Il Parlamento turco, a grande maggioranza, si accinge a votare (il 9 febbraio si avrà la pronuncia definitiva) l’emendamento costituzionale riguardante l’accesso agli istituti universitari : “Nessuno può essere privato del suo diritto all’istruzione superiore”.
Il fatto riguarda, principalmente, le decine di migliaia di donne musulmane finora escluse dall’Università a causa della loro volontà di non rinunciare al copricapo islamico, di fatto vietato dall’articolo 42 dell’attuale Costituzione: per tale ragione la notizia ha fatto il giro del mondo (occidentale), suscitando diffidenza e perplessità nei mass media, invocazioni alla “concezione laica dello Stato” e alla democrazia, timori per le “interferenze islamiche”.
Una ben strana concezione democratica: in forza della quale norme costituzionali liberticide, emanate nella scia di un sanguinoso colpo di Stato (quello del 1980, sono assunte a esempio di progresso e di laicità – mentre un emendamento tendente a restituire un diritto (perché di questo si tratta ) a chi ne è stato privato è considerato illiberale !
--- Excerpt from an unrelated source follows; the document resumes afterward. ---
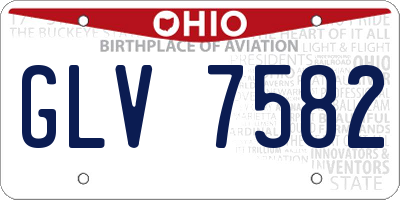 OH license plate GLV7582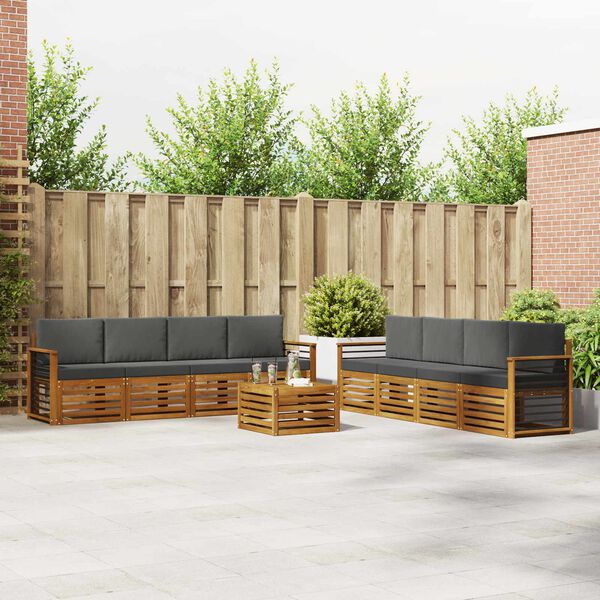 vidaXL Sofų komplektai su pagalve 9 pcs Natūralus ir antracitas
La questione, comunque, è al centro dell’attenzione dell’opinione pubblica in Turchia, ove, in questi giorni, tutti i giornali se ne occupano con grande risalto. La mobilitazione dei “laici” è stata totale, e una grande manifestazione ad Ankara – nei pressi del mausoleo di Atatürk – ha accompagnato una dichiarazione pubblica di 52 professori e assistenti universitari (primo firmatario il prof. Sevgi Mir) in difesa dello “Stato di diritto laico e sociale” (1). Altre iniziative contro il türban (il velo oggetto degli anatemi) si sono aggiunte negli stessi giorni, tutte provenienti dallo stesso ambiente intellettual – borghese ostile all’Islam e allineato ai centri di potere accademici, giudiziari e militari.
“L’Università ha detto no” (al türban), ha titolato Hürriyet del 2 febbraio, mentre di una “minoranza furiosa in tumulto”, ha parlato, lo stesso giorno, Vakit. Un docente di geologia, il prof. Celal Sengőr, è in effetti arrivato a giudicare l’accesso all’Università con il velo tradizionale come un “cedimento all’irrazionale e alla religione”, e per questo inammissibile !
Di nuovo la falsa disputa sul “laicismo”, questa volta imperniata sul falso problema del türban, in un paese dove circa i 2/3 delle donne lo indossano: di nuovo una campagna di provocazione antiislamica nel consueto quadro delineato dello scontro tra la civiltà buona (quella “laica”) e quella minacciosa e intransigente ispirata a valori religiosi.
Ma la Turchia non sembra stare al gioco e proseguirà – sabato- per la sua strada.